Responsabilidade diante da graça
O aumento de vocações é recebido como graça, mas também como responsabilidade. “É uma bela graça em uma época em que faltam vocações em toda parte, mas também implica cuidar de todas essas mulheres: suas necessidades básicas, saúde e aposentadoria”, observa uma irmã.
A Madre Emmanuelle, abadessa, destaca o essencial: “a vocação não pode ser explicada apenas por estratégias humanas; é, acima de tudo, uma resposta pessoal a Cristo, e para estas religiosas, tudo o mais – a terra, os animais, o trabalho, a hospitalidade e a comunidade – encontra o seu significado precisamente aí”.
As religiosas de Boulaur não acreditam ter inventado um novo modelo. Elas se inspiram nos séculos XII e XIII, quando os mosteiros cistercienses tiveram enorme presença na Europa e participaram ativamente da agricultura, do comércio e do desenvolvimento das comunidades locais. Hoje tentam viver a mesma dinâmica com as ferramentas do século XXI: cultivam a terra, cuidam dos animais, elaboram produtos, recebem peregrinos, desenvolvem projetos e, acima de tudo, mantêm intensa vida de oração.
Enquanto muitas comunidades religiosas enfrentam escassez de vocações, em Boulaur as jovens continuam chegando.

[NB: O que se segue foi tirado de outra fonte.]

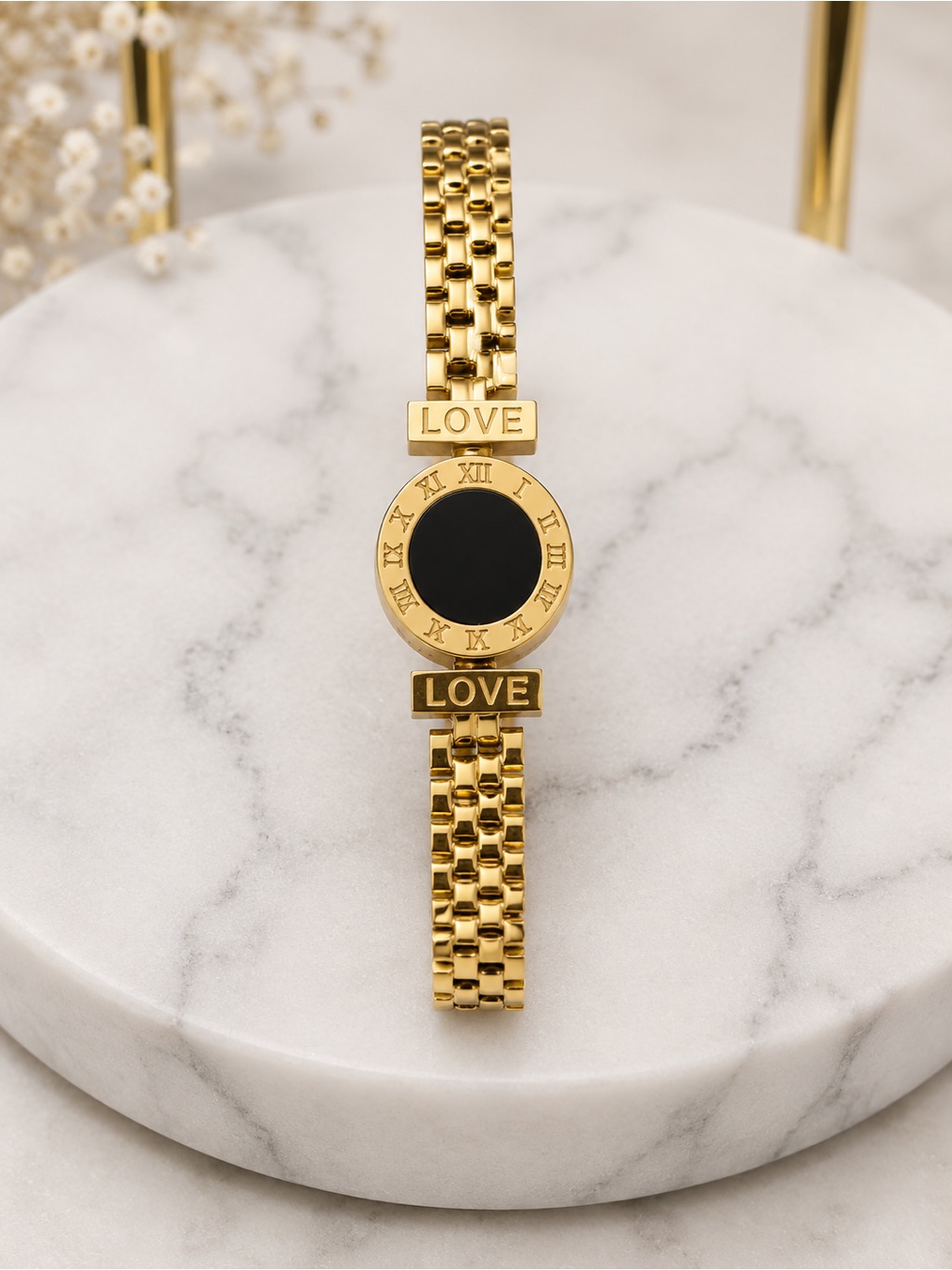 GoldPlated Stainless Steel Love Bracelet Watch With Black Dial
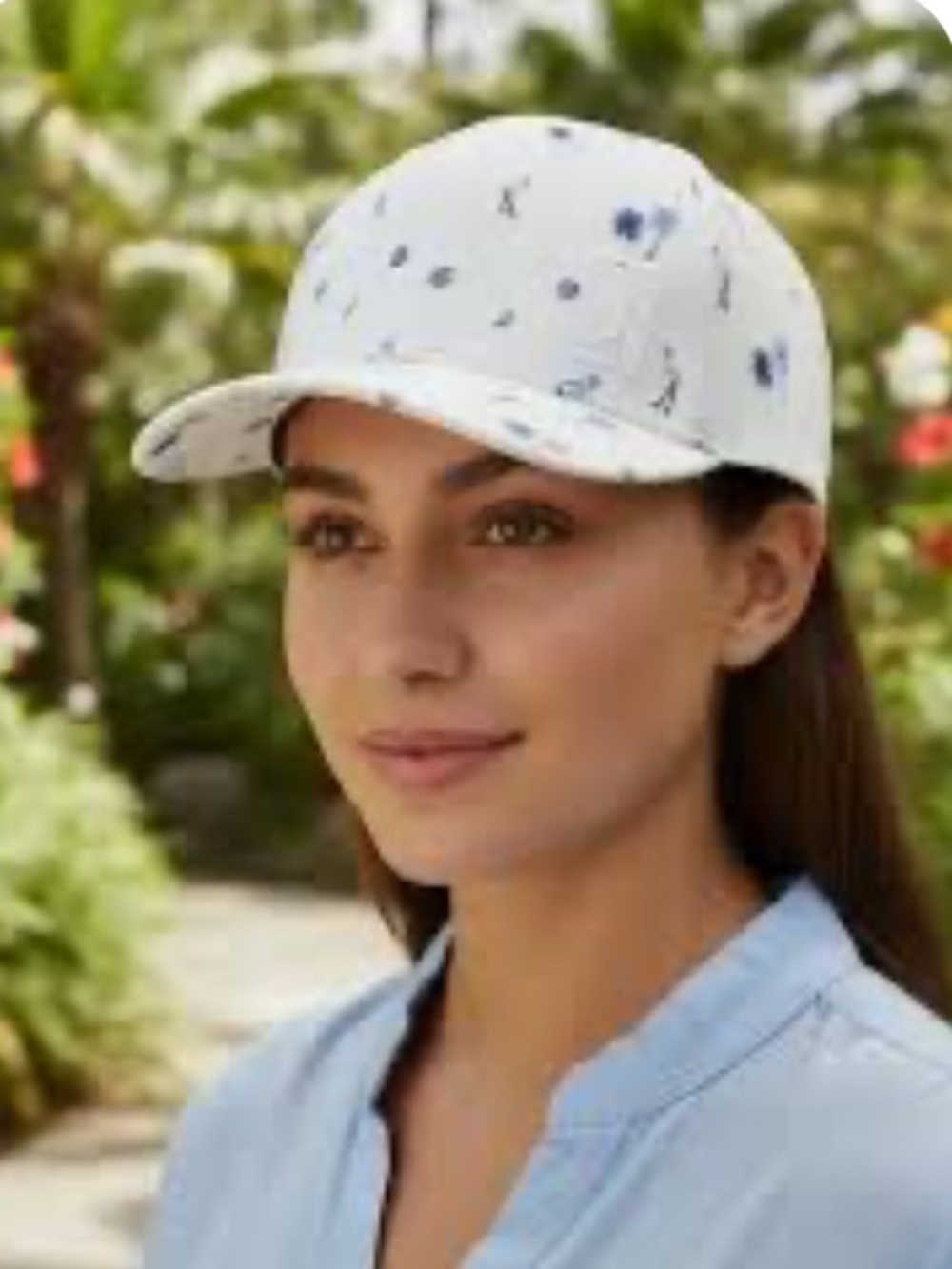 PGA Tour White Blue Flamingo Palm Tree Flex Cap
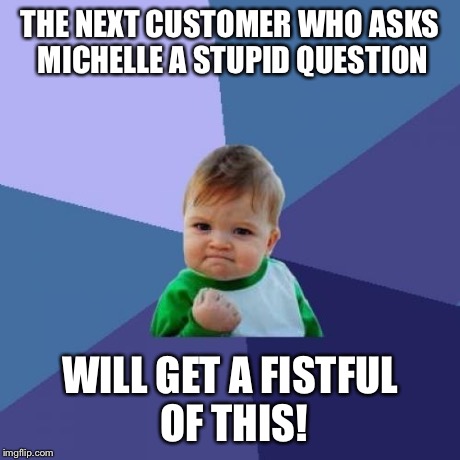 Success Kid | THE NEXT CUSTOMER WHO ASKS MICHELLE A STUPID QUESTION WILL GET A FISTFUL OF THIS! | image tagged in memes,success kid | made w/ Imgflip meme maker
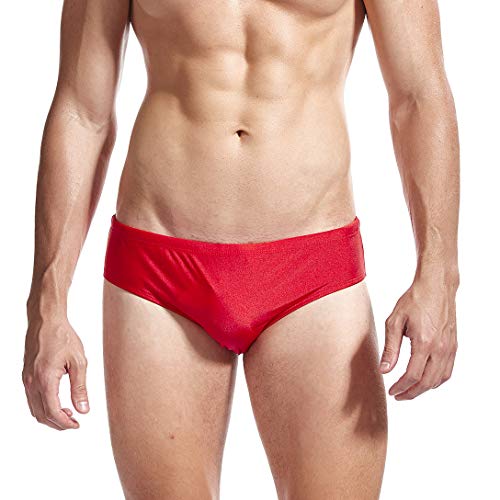 AIMPACT Mens Swimwear Sexy Bikini Swim Bikinis Surf Shorts Bath Suits Solid Siwmming Briefs for Men(RedL)
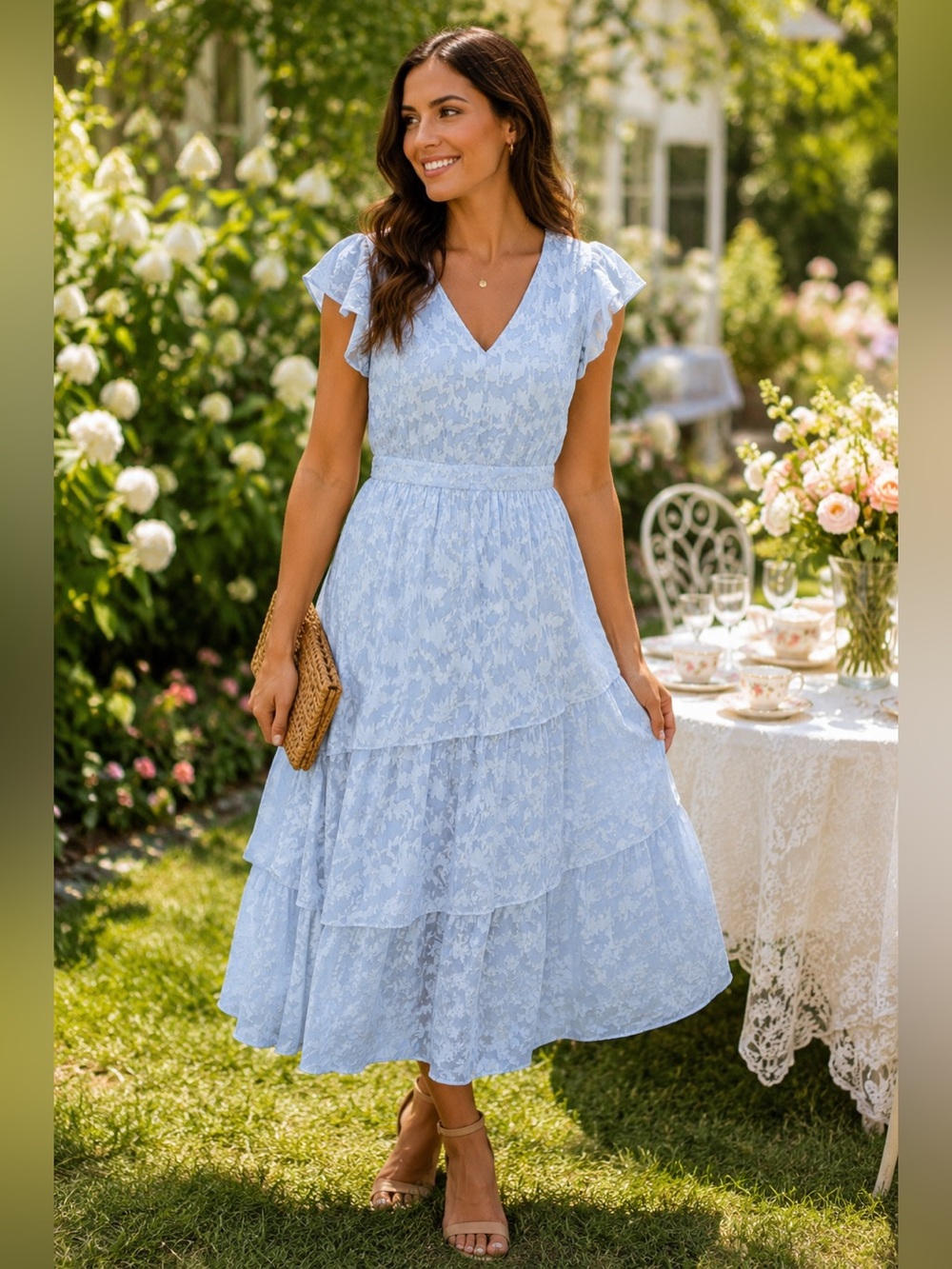 Julia Jordan Dress 10 Blue Floral Burnout Tiered Midi Flutter Sleeve Wedding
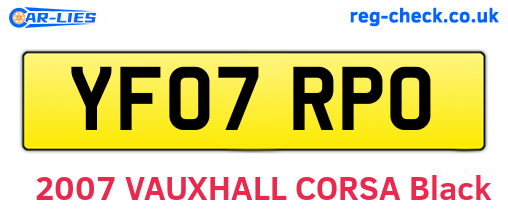 YF07RPO are the vehicle registration plates.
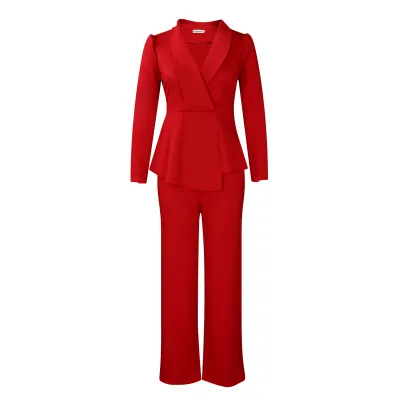 Women Temperament Solid Color Blazer And Pants Two-Piece Set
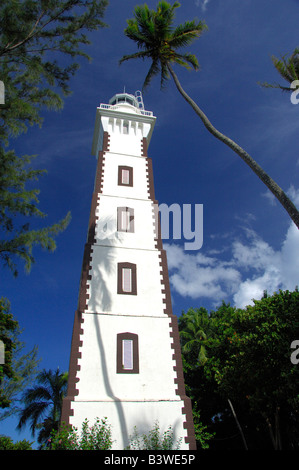 Südpazifik, Französisch-Polynesien, Tahiti. Venus Point Lighthouse (aka Pointe Venus) Stockfoto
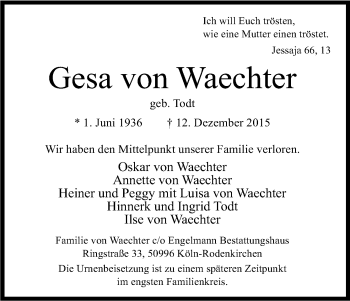 Anzeige von Gesa von Waechter von Kölner Stadt-Anzeiger / Kölnische Rundschau / Express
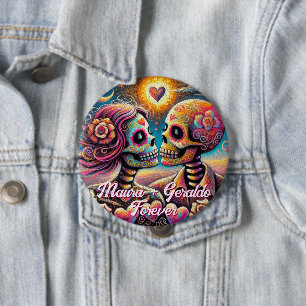 Schedels met suiker in liefde, gepersonaliseerde k ronde button 4,0 cm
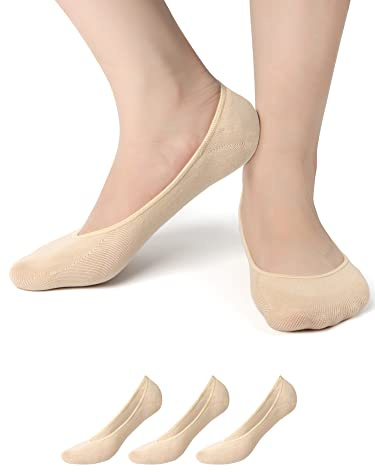 YouGa No Show Socks Women - 3/6 Pairs Invisible Socks Ladies Trainer Socks with Non Slip Grip Ultra Low Cut Socks Invisible Cotton Footies for Sneaker Loafers (3P-Beige), 4-7
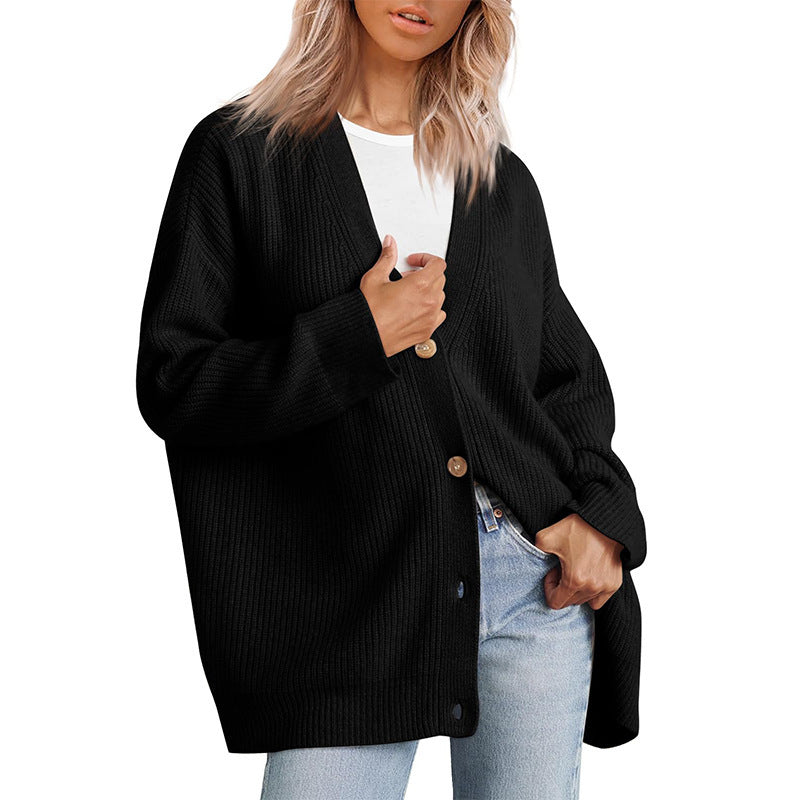Studio Harvyn | Women – Striped Button-Up Knit Cardigan - Relaxed Fit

A experiência parece mostrar o contrário do que muitos esperariam: em vez de abandonar a identidade monástica para atrair novas gerações, elas aprofundaram o que consideram essencial da tradição cisterciense e encontraram uma maneira de vivê-la no presente. E, como elas mesmas repetem, tudo encontra sentido na resposta pessoal a Cristo.